David inquired again carefully about the sickness, to be sure that he might take Matilda there; and then they went. Sarah volunteered to guide them. But how shall I tell what they found. It was not far off, a few blocks only; in one of a tall row of tenement houses, grim and dismal, confronted by a like row on the other side of the street. Every one like every other. But inside, Matilda only remembered how unlike it was to all she had ever seen in her life before. Even Lilac lane was pleasantness and comfort comparatively. The house was sound indeed; there was no tumble-down condition of staircase or walls; the steps were safe, as they mounted flight after flight. But the entries were narrow and dirty; the stairways had never seen water; the walls were begrimed with the countless touches of countless dirty hands and with the sweeping by of foul draperies.
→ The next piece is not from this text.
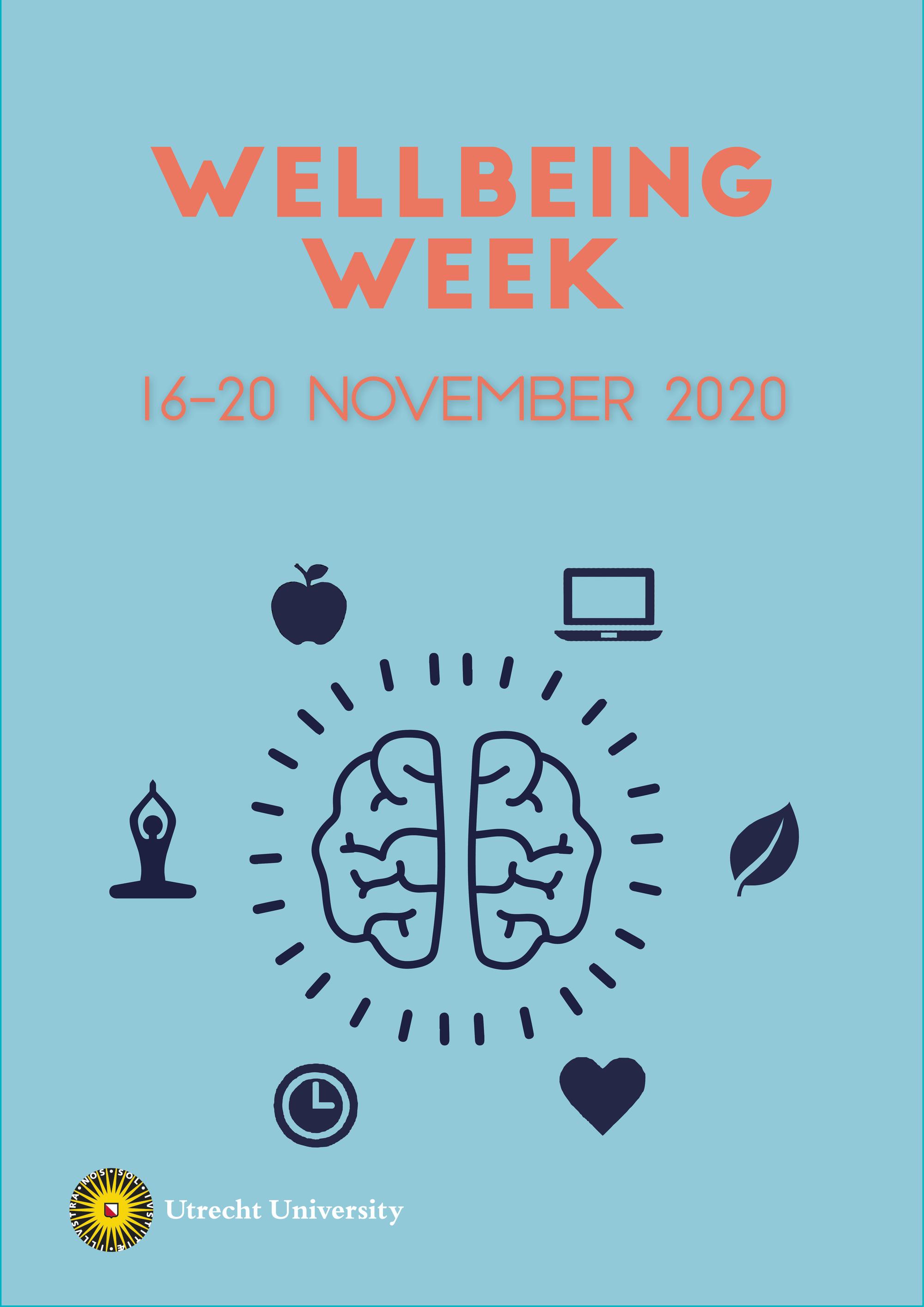 Wellbeing Week Universiteit Utrecht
Instinctively Matilda drew her own close round her. And as they went up and up, further from the street door, the air grew more close and unbearable; heavy with vapours and odours that had no chance at any time to feel the purification of a draught of free air. Poor cookery, soapsuds, unclean humanity and dirty still life, mingled their various smell in one heavy undistinguishable oppression.

"Oh, why do people build houses so high!" said little Matilda, as she toiled with her tired feet up the fourth staircase.

"For more rents, Miss Matilda," said Sarah who preceded them.

"For money!" said Matilda. "How tired the people must be that live here."

"They don't go down often," Sarah remarked.

At the very top of the house they were at last. There, in the end of the narrow entry-way, on the floor, was—what? A tumbled heap of dirty clothes, Matilda thought at first, and was about to pass it to go to the door which she supposed Sarah was making for; when Sarah stopped and drew aside a piece of netting that was stretched there. And then they saw, on the rags which served for his bed covers, the child they had come to see. A little, withered, shrunken piece of humanity, so nearly the colour of the rags he lay upon that his dark shock of matted curly hair made a startling spot in the picture.

"What's the matter, Sarah?" said Matilda in a distressed whisper.

"This is Mrs. Binn's boy, Miss Matilda, that you came to see."

"That? Why does he—why do they put him there?"

"Mrs. Binn's room is so small and so hot. It's there, Miss Matilda; you'll see it. When she's doing her washing and ironing, the place is so full of steam and so hot; and there ain't no room for the bed neither; and so she put Josh here."